NFL Stat Predictions: 4 Darkhorse Candidates to Lead the NFL in Sacks

Craig RondinoneCorrespondent IJune 7, 2012

Mario who?  Houston will not miss Williams wtih Barwin smacking and sacking QBs.
Mario who? Houston will not miss Williams wtih Barwin smacking and sacking QBs.Jamie Squire/Getty Images

Fantasy football owners and stat geeks are probably debating as we speak about which defensive ends and outside linebackers will be battling it out to be the No. 1 quarterback sacker in the NFL in 2012.   

We know the top contenders to lead the league in sacks. Minnesota’s Jared Allen bested all QB haters with 22 sacks in 2011. Dallas’ DeMarcus Ware has recorded 91.5 sacks over the last half-dozen years. And New York’s Jason Pierre-Paul, Denver’s Von Miller and San Francisco’s Aldon Smith are up-and-coming sack artists who have already had double-digit sack seasons early in their careers and have the potential to have 20-sack campaigns as soon as 2012. 

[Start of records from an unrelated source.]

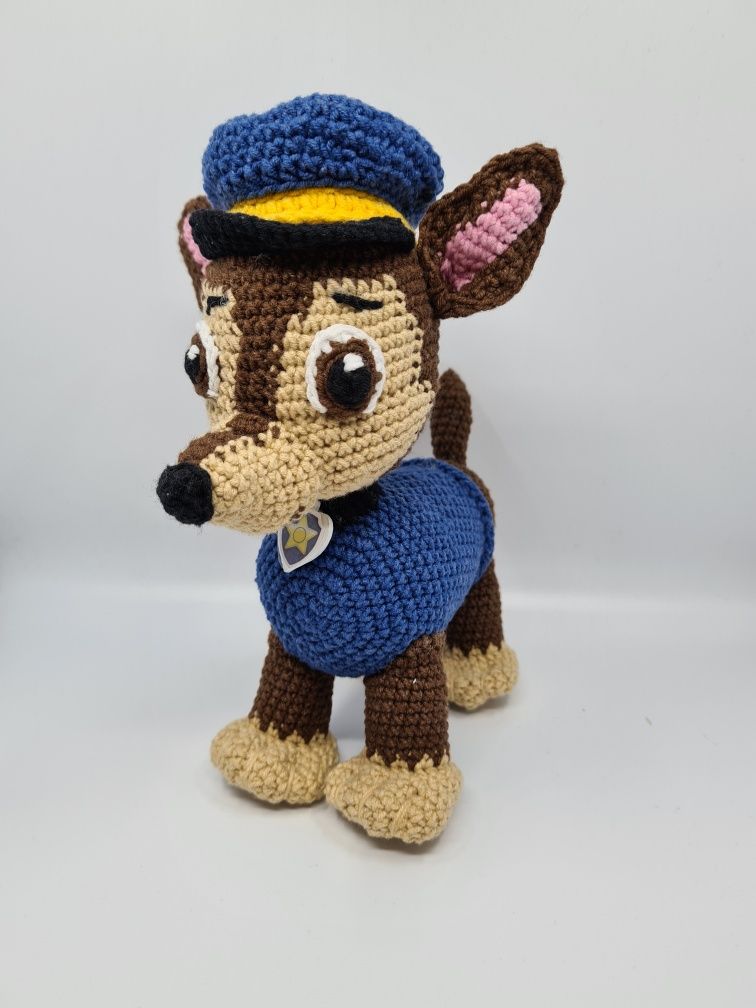 Chase z bajki "Psi patrol" - Handmade
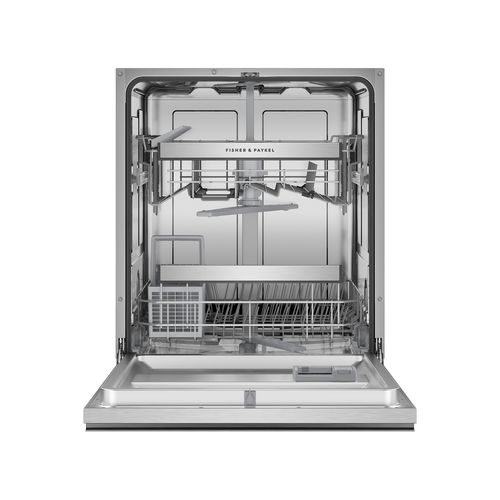 Built-under Dishwasher, Sanitise, Stainless Steel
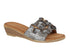 CIPRIATA CLIO Flower Wedge Mule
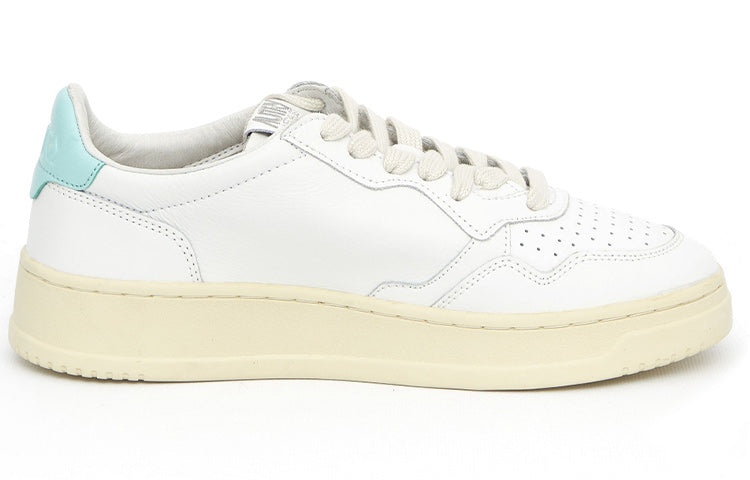 (WMNS) Autry Medalist Low 'White Turquoise' AULW-LL49 - 2
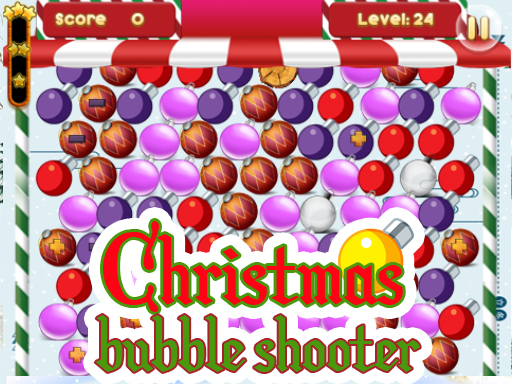Christmas Bubble Shooter 2019 - free online Browser game
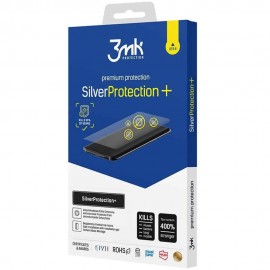3mk silver protection+ / folie silicon antimicrobiana pentru xiaomi redmi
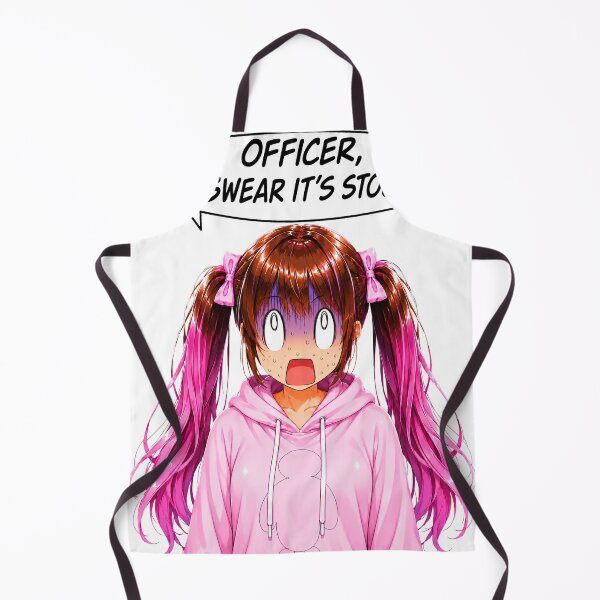 Item preview, "Officer, I Swear It's Stock!" Funny JDM Anime Girl designed and sold by AKIHABARAMOTORS.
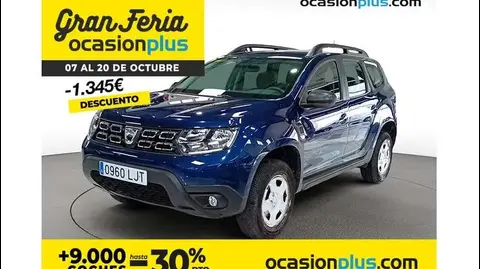 Annonce DACIA DUSTER Essence 2020 d'occasion 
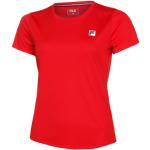 Röda T-shirts från Fila för Damer 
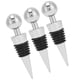 thumbnail image 3 of Tapón de vino, 3 piezas Tapón de botella de vino Accesorios de cocina Sellador de vino Valor inmejorable Jadeshay A, 3 of 8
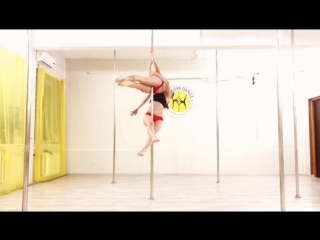 Double pole dance zhukova vera/ kazachenko svetlana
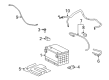 Cadillac CTS Battery Cable Diagram - 22769122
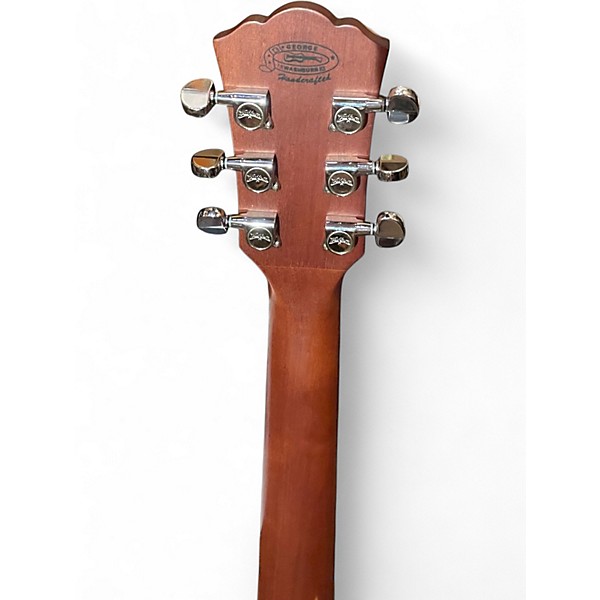 Used Washburn WD25CE Natural Acoustic Electric Guitar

But what about some of the dark horses? Which pass-rush specialists could come out of nowhere and steal the sacks crown like Darrell Revis steals receivers’ receptions?  

Here are four dark horse candidates to lead the NFL in sacks in 2012. Note: Baltimore’s basketball-loving Terrell Suggs is not one of them.   

Connor Barwin, Houston Texans (LB)

Mario Williams was not missed much when the talented linebacker/defensive end hybrid suffered a season-ending injury for Houston last season. Barwin stepped right in and stepped right up, harassing quarterbacks like paparazzi harass the Kardashians.

Barwin finished the season with 11.5 sacks, 9.5 of which came during the Texans’ final eight contests when Barwin was seeing more pass-rushing time with Williams sidelined. His speed around the end was too much for opposing offensive tackles and tight ends.  

With Williams now in Buffalo after signing a multi-million dollar deal, Barwin will be Houston’s main source of sacks. Look for defensive coordinator Wade Phillips to find new and innovative ways to utilize Barwin’s abilities and make him one of the top sack men in the sport. 

Cameron Wake, Miami Dolphins (LB/DE)

The former CFL standout had a down year in 2011 by only recording 8.5 sacks considering he dominated offensive linemen to the tune of 14 sacks in 2010. But all of the Dolphins seemed to struggle and suffer last season, especially on the defensive side of the ball, so it was no surprise that Wake’s numbers took a hit. 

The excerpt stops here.